Friday, Sep. 11, 1964

The Picnic Trial

"Courtroom drama," that trite darling of novelists and dramatists, has authentic origins: civilized mankind's transforming willingness to submit its disputes to third parties for impartial judgment. The ritual can impart strength to the weak, modesty to the immodest, and equality to the powerful and wealthy.

So last week the courtroom drama of Rockefeller v. Murphy unfolded be hind closed doors in White Plains, N.Y. Only the disputants knew just why Mrs. Nelson Rockefeller yielded custody of her four children -- James, 13; Margaretta, 11; Carol, 8; and Melinda, 4--to Virologist James S. Murphy when she divorced him in Idaho last year. The public knew only that "Happy" was now demanding custody and that Dr. Murphy, himself recently remarried to a pretty former teacher of his children, was unwilling to give it up.

Blue for Battle. To apply the law and the facts to whatever emotions were involved was the prickly task of New York State Supreme Court Justice Joseph F. Gagliardi, 52, a former genial amateur golfer who once reached the final round of the U.S. Amateur championship, a onetime Westchester County judge appointed by his fellow Republican, Governor Rockefeller. As in all custody cases, he was solely concerned with the children's welfare. Firmly shutting his courtroom door to all but the witnesses, the parties and their lawyers, Gagliardi summoned Plaintiff Rockefeller to prove what he cryptically called her "allegations to the effect that the personalities and even the health of one or more of the infants are being adversely affected."

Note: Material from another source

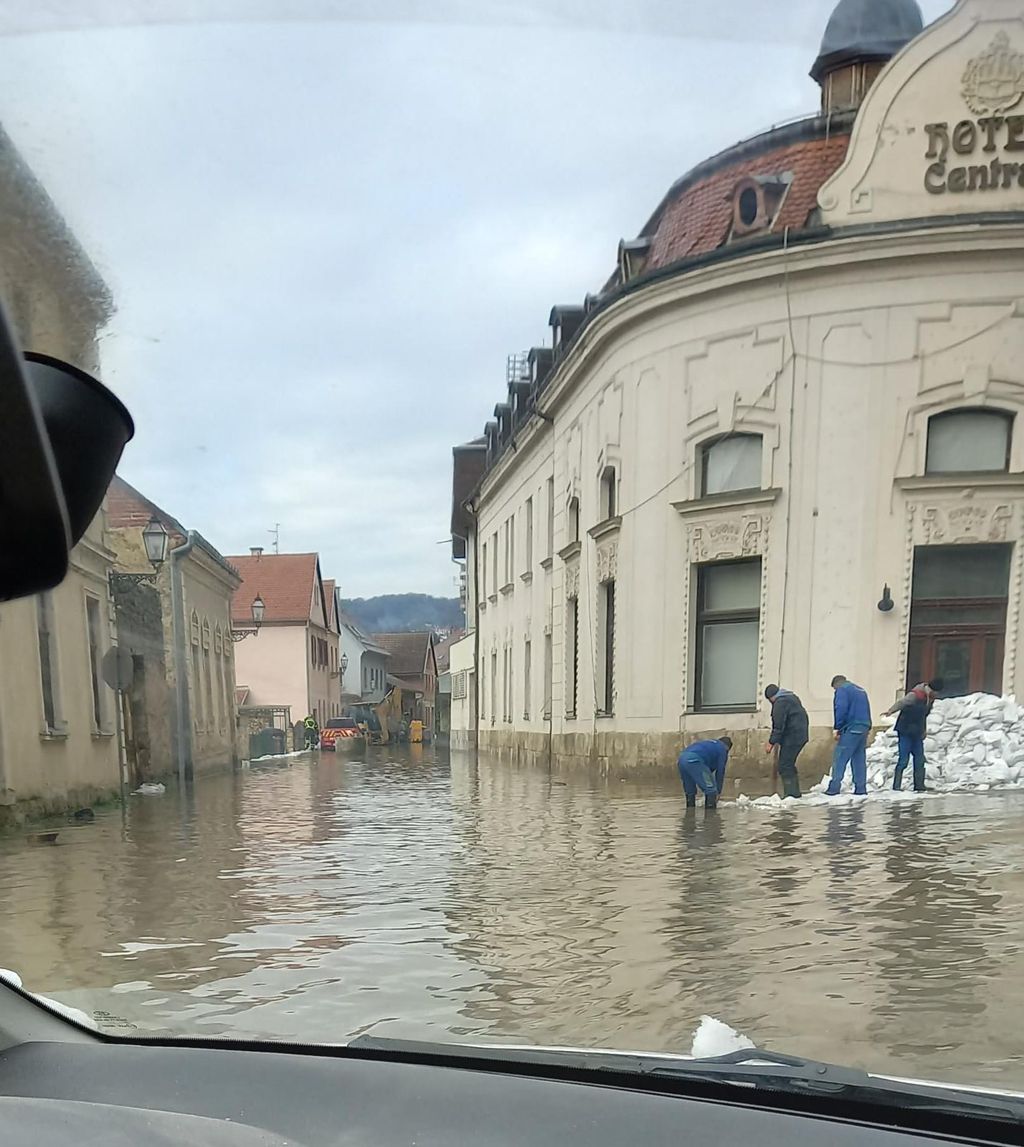 Poplava u Hrvatskoj Kostajnici - 1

As newsmen hovered, the opponents moved in and out of the closed courtroom like Henry James characters, their real motives invisible for hundreds of pages. Mrs. Rockefeller arrived on the first day with her husband's state police bodyguard and Chrysler Imperial. She graciously smiled her way into battle in a blue sheath dress, bare legs and black flat-heeled shoes, accompanied by four lawyers, a nursemaid and Mrs. Peter Iselin, one of her Philadelphia cousins. Dr. Murphy, his new blonde wife in demure beige, said, "I can't smile." In they walked, past a wall plaque reading:

Not flesh of my flesh

Not bone of my bone

But still miraculously my own.

Never forget

For a single minute

You didn't grow under my heart

But in it.

Humble Thanks. Through a window, newsmen watched Murphy scribbling on a yellow pad as his ex-wife took the stand. Still smiling, she emerged at noon for a storybook picnic lunch (ham, roast beef and chicken-salad sandwiches on white bread with trimmed crusts) in the sheriff's office. Still unsmiling, Murphy and his wife ate in a bar and grill down the street.

By the time Happy had been in court three days, Dr. Murphy's cold silence had gradually melted, to the point where he smilingly walked across the courtroom and greeted her, and thereafter kept glancing in her direction. "This was the first sign of friendliness," said a deputy. "Until now, they've been cutting each other dead."